La oración colecta de la liturgia de la misa es bella porque nos permite mirar esta historia con esperanza. La esperanza es un pequeño destello de luz en medio de una oscuridad que parece impenetrable; es una flama minúscula cuya calidez atempera el frío del invierno más terrible. Dios no sólo ama la la inocencia en los hombres; también es capaz de devolverla a quienes la han perdido. Es decir, puede aclarar de nuevo la mirada y abrir las manos hasta la plegaria. Puede rehacer la estructura de nuestros corazones. No con amenazas y mucho menos con castigos; antes bien, con un amor moldeado en el sacrificio —el de su Hijo— pero revestido de gestos de ternura. Después de todo, como dice el dicho popular, no es con hiel como se atrapan las moscas, sino con miel.

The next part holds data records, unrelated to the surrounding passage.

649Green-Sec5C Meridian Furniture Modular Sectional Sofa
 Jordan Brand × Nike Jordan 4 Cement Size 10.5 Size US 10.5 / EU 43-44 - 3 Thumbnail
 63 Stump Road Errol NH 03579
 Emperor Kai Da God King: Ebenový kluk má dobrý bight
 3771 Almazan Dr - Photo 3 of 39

O como dice el poeta francés Charles Péguy —con palabras aun más bellas— en una composición donde hace hablar a Dios mismo en persona:

 

Yo conozco bien al hombre. Soy yo quien lo ha hecho.

Es un ser extraño.

Pues en él actúa esa libertad que es el misterio de los misterios.

Aún así, se le puede pedir mucho. No es demasiado malo.

No puede decirse que sea malo.

Cuando se le sabe llevar, incluso puede pedírsele mucho.

Se puede sacar mucho de él.

Y Dios sabe si mi gracia sabe llevarle.

Si con mi gracia yo sé llevarle.

Si mi gracia es insidiosa, hábil como un ladrón.

Y como un hombre que caza al zorro.

Yo sé llevarle. Es mi oficio.[ii]

 

En un par de semanas comenzaremos el tiempo de cuaresma. Más que un tiempo de prácticas piadosas, acompañadas de ciertas restricciones, es memoria del largo camino recorrido por Dios para devolvernos al estado del origen, a la situación paradisíaca. Más aun: a un nuevo estado denominado —con palabras misteriosas— “soteriológico”. No es tanto un paso hacia el pasado, sino un salto hacia el futuro; o más aún: a la eternidad. Este estado pasa por el sufrimiento y por la muerte (Semana Santa), ciertamente; pero alcanza su culminación plena en una resurrección gloriosa (Pascua). No nuestra, por cierto, sino de Alguien que se ofreció en lugar nuestro.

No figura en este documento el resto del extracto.